I have a set of SQLITE tables that adds up to 7 GB on disk. The particular table I am querying (FQ) has approximately 50 columns, and 3 million rows.
I am querying from the sqlite3 interactive shell (sqlite3.exe). The query I am running is: “select count(Date) from FQ;”. The approximately 3 million rows take 10+ minutes to count. After the first time, it seems to be cached and the result is almost instant. I am running on a Windows 10 PC with 8 GB RAM and nothing else running.
Date is one of two primary keys (it is Date and ID). There are 360 unique dates, and ~8-10k IDs, and the table has one entry for each date/ID combination.
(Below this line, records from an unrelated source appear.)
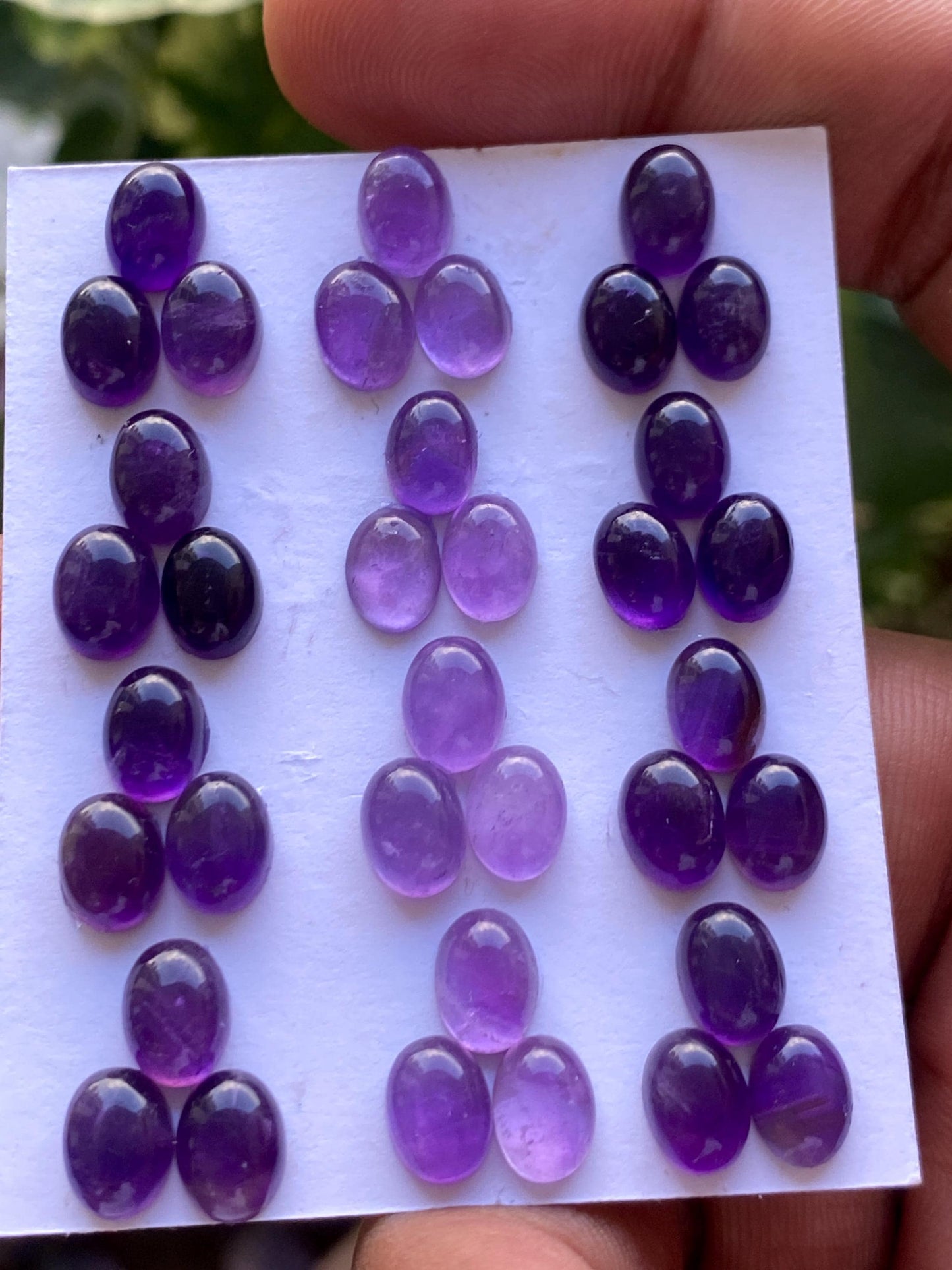 Gorgeous amethyst oval cabochon  pcs 36 wholesale lot weight 38 carats size 8x6mm amethyst cabochons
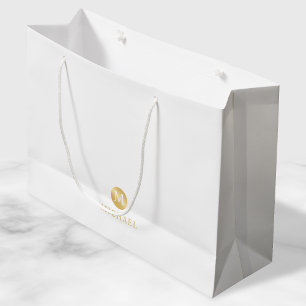 Sacola Para Presentes Grande Monograma Dourado e branco de luxo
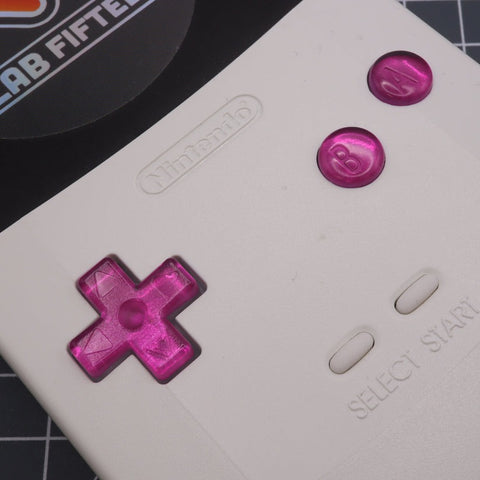 Hand cast custom resin buttons for Nintendo Game Boy Color (GBC CGB) - Chrome pink | Lab Fifteen Co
Here are some things I have already done:
- I have a covering index on the entire table.
- I have run ANALYZE on this database.
- When I do an “EXPLAIN QUERY PLAN” it says it is doing a table scan (as expected for counting) using the covering index.
How can a simple scan through a table of 3 million rows could take so long?
[EDIT: I should clarify that I’m not interested in alternate ways of counting – I am hoping that scans don’t have to be so slow (it is also slow, for example, with using sum()+”group by”)]
[UPDATE: Today I tried two additional things – first I tried using “WITHOUT ROWID” and the results were similar either way. Then I removed the indices for all my tables altogether. Now the count of a few million rows finishes in 4 seconds. The database file is naturally smaller (2 GB vs 7 GB) now that all the indices are gone, but that shouldn’t explain a 10 minutes to 4 seconds kind of difference! What makes the covering index slow down a table scan? Is there something where scanning an index is slower, and if so, why doesn’t SQLITE just scan the original table itself?]
Advertisement
Answer
I finally figured out the problem. Running a VACUUM command on the database solved the issue. I had run .dbinfo to confirm that the page_size multiplied by the number of pages added up to approximately the file size. That, combined with the fact that I hadn’t deleted anything from the database (only inserted), led me to assume that I didn’t need to vacuum (or de-fragment).
But it looks like the re-organization that vacuum does also makes a dramatic difference in the speed of the count queries (which now finish in milliseconds as I’ve seen reported elsewhere).